# EXERCISE DATA
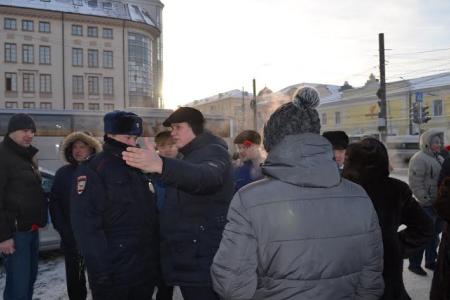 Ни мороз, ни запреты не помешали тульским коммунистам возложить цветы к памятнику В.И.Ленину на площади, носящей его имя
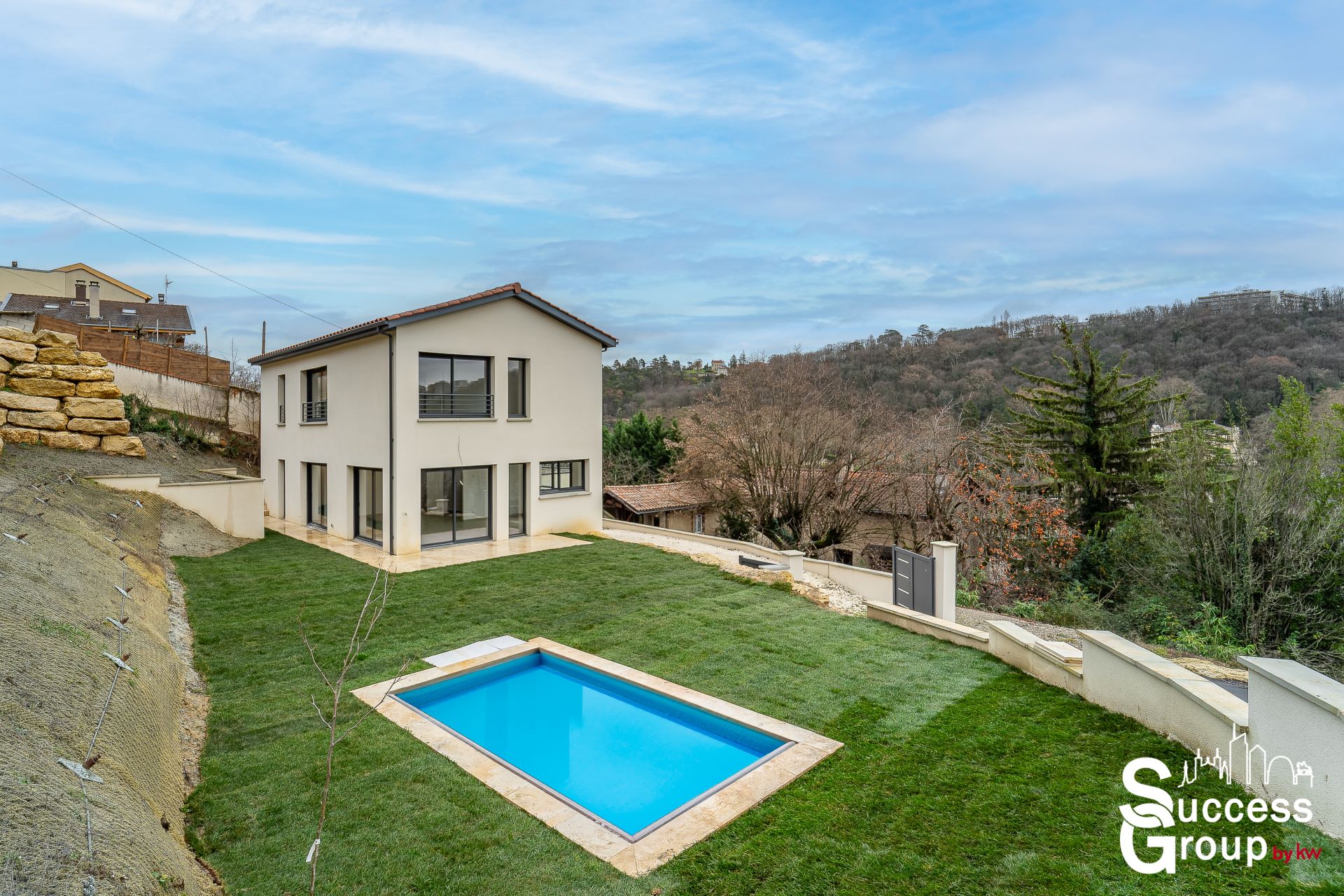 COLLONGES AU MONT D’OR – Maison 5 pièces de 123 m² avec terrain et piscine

---

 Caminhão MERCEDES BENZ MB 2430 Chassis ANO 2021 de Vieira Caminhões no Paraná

# WORK TO COMPLETE
Beginning with the line holding "Ни мороз, ни" in the material above, restate word for word each line through the line holding "COLLONGES AU MONT", and exclude pictures.

# SOLUTION BELOW
 Ни мороз, ни запреты не помешали тульским коммунистам возложить цветы к памятнику В.И.Ленину на площади, носящей его имя
 COLLONGES AU MONT D’OR – Maison 5 pièces de 123 m² avec terrain et piscine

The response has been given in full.